Revisão: Paulo Narley

“No ano de 50 aquilo ainda era um breu de escuridão nos tempos sem lua. O pessoal continuava nervoso temendo a própria sombra. E numa noite sem data ‘Dente de Ouro’ apareceu.” ¹

A Porca do Dente de Ouro é uma das lendas mais icônicas de Teresina. Uma assombração urbana que corre à noite pelos bairros, perseguindo quem encontra pelo caminho, ela é vista pelas ruas da Zona Norte e pouco tempo depois já está do outro lado da cidade, na Zona Sul, sem ninguém dar de cara com ela no Centro.

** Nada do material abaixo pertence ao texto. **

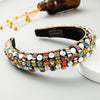 Thick Sponge Headband Retro Pressure Headband With Rhinestones(Transparent White)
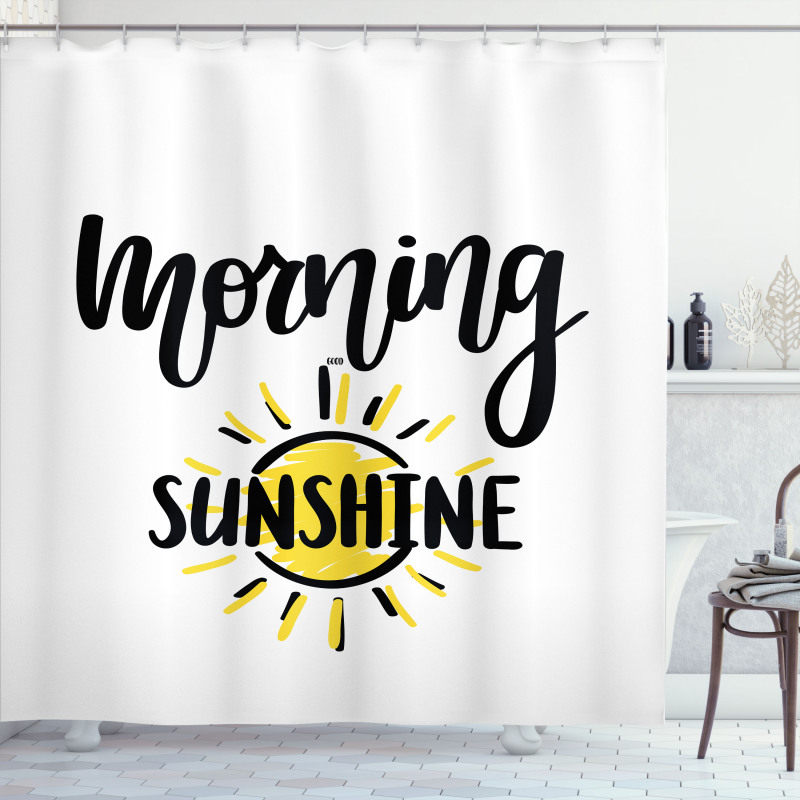 Doodle Morning Sunshine Text Shower Curtain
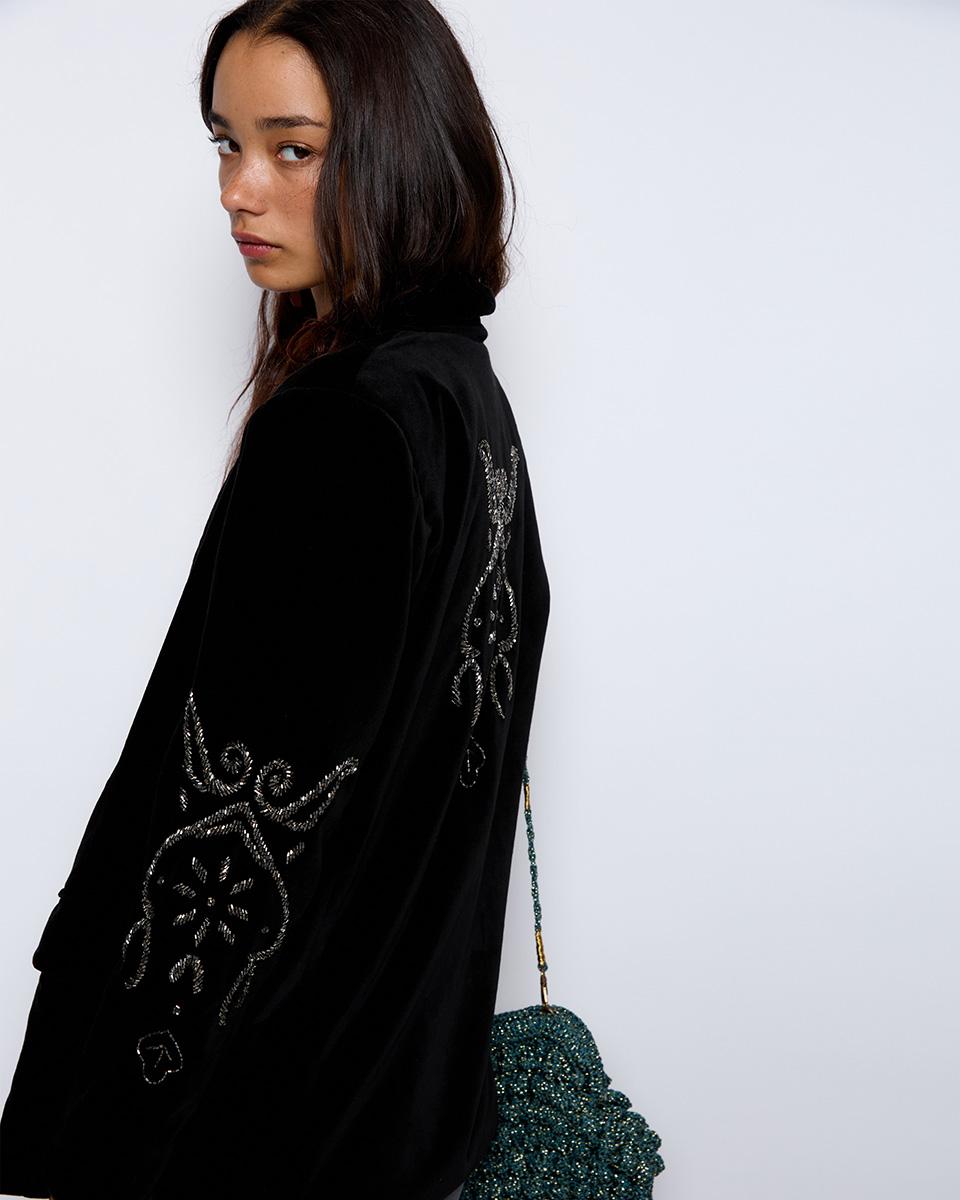 Black Embroidered Velvet Blazer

Uma das versões mais famosas da lenda fala de uma jovem que gostava de sair pros forrós. Isso era uma coisa que a mãe odiava nela, simplesmente odiava. Era briga quase todas as noites. Numa dessas confusões, a filha acabou arrancando um pedaço da bochecha da mãe com uma mordida pra conseguir se soltar e sair pro bar.

Quando ela voltou pra casa, na manhã seguinte, foi trancada num quarto e ficou lá como punição por desobedecer. Dizem que ela ficou presa por tanto tempo que enlouqueceu e, como castigo pelo que fez à mãe, só saía de casa na forma de uma porca enorme com um dente de ouro se destacando na ponta do focinho.

Amaldiçoada, ela teria que correr por cada rua da cidade. E isso só teria fim no dia em que alguém conseguisse arrancar o dente de ouro, mas até hoje parece que ninguém teve coragem de fazer isso.

Em um texto de 1956, Vitor Gonçalves Neto fala da Porca como sendo “a filha da velha Margarida”¹. O autor afirma, ainda, que “era uma porca já velha com as tetas arrastando ao solo e um grunhido de meter medo”¹, que, ao invés da bochecha, mordeu foi o seio da mãe. Também já temos algo bem característico da lenda, que é a enumeração de vários bairros por onde ela passa:

“Foi vista às 22 horas nos Cajueiros. Às 23, já estava assombrando o povo noutro subúrbio quase oposto – o Porenquanto. E assim percorreu em pouco tempo quase a cidade inteira. Da Barrinha ao Mafuá. Do Barrocão ao Poti Velho. Madrugada antiga foi esbarrar na Catarina e lá desapareceu. (…)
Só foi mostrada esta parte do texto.